*** Records Section Begins ***
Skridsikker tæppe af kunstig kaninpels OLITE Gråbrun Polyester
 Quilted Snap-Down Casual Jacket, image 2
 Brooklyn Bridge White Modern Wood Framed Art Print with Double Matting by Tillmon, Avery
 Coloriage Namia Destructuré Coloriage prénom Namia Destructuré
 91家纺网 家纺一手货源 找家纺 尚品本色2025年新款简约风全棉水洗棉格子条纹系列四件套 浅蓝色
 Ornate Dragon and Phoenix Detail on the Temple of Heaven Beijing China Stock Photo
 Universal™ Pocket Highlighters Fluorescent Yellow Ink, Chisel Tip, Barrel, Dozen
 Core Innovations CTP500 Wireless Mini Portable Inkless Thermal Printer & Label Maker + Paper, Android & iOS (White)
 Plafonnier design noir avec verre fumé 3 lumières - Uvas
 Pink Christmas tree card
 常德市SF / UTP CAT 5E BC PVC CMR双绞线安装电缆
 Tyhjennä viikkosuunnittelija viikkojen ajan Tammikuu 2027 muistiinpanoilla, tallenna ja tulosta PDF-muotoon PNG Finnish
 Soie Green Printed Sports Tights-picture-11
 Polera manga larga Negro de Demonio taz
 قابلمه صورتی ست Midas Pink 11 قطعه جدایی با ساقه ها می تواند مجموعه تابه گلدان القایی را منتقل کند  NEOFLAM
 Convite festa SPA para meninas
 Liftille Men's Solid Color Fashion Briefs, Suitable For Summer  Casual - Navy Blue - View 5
*** Records Section Ends ***
◆ Work order: Tally the lines above that hold "White" and write the result as a lone number.

◆ Exercise response: 2